PRs Welcome arXiv PyPI - Version License: MIT Python: 3.11

🔍 About | 🚀 Quick Start | 📊 Evaluation | 🔗 Citation

🔍About

This is the official repository for NeurIPS 2025 paper "Multi-Modal View Enhanced Large Vision Models for Long-Term Time Series Forecasting". This paper proposes DMMV, a novel decomposition-based multi-modal view (MMV) framework that leverages trend-seasonal decomposition and a novel backcast-residual based adaptive decomposition to integrate MMVs of time series and large vision models (LVMs) for long-term time series forecasting (LTSF).

🔧Framework

Traditional time series forecasting models often rely on a single view (e.g., numerical, language, visual), overlooking the complementary information that can be integrated across different modalities.
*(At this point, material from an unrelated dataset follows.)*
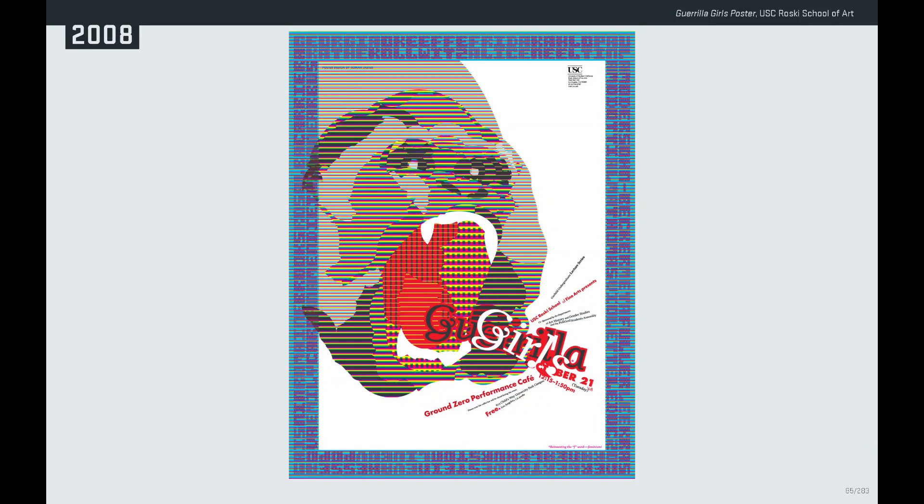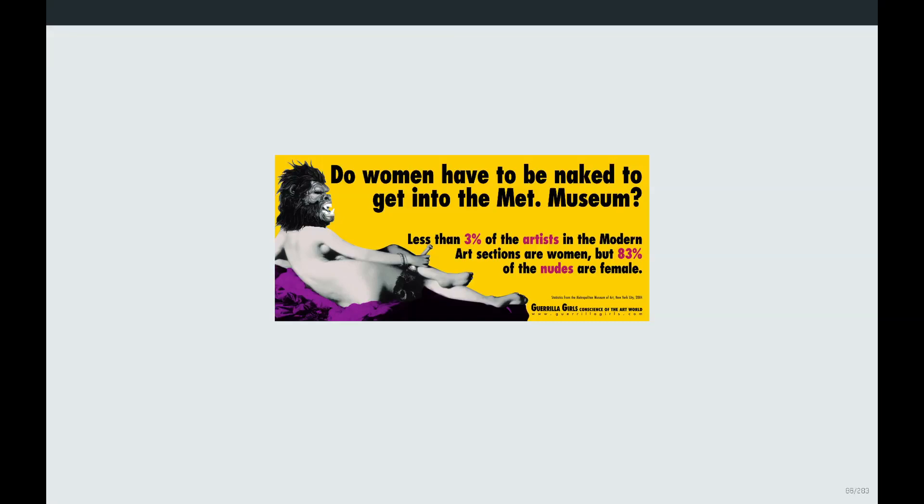The last one I want to talk about is this poster for a Guerrilla Girls lecture at USC in 2008. They are a feminist artist collective that deals with discrimination issues, particularly with women, and they do provocative actions to call attention to these issues. The members are anonymous and use gorilla masks when they appear in public — no one knows who they are. For my poster, I wanted to use the image of a gorilla but create a different visual aesthetic: more colorful and less stark than is found in their work, which was mainly from the '80s and '90s.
The proposed Decomposition-based Multi-Modal View (DMMV) framework addresses this limitation by jointly modeling the numerical and visual views of time series within a unified architecture.
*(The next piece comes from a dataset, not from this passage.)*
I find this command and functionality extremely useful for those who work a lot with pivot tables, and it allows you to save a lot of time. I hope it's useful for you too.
As illustrated in Figure 1, DMMV consists of two variants, DMMV-S and DMMV-A.

  • DMMV-S: Uses a moving-average kernel to decompose the series into seasonal and trend parts, processed by the Visual and Numerical Forecasters, respectively.
  • DMMV-A: Leverages the Visual Forecaster for both forecasting and backcasting to reconstruct seasonal components, while adaptively using the Numerical Forecaster to model the residual trend component.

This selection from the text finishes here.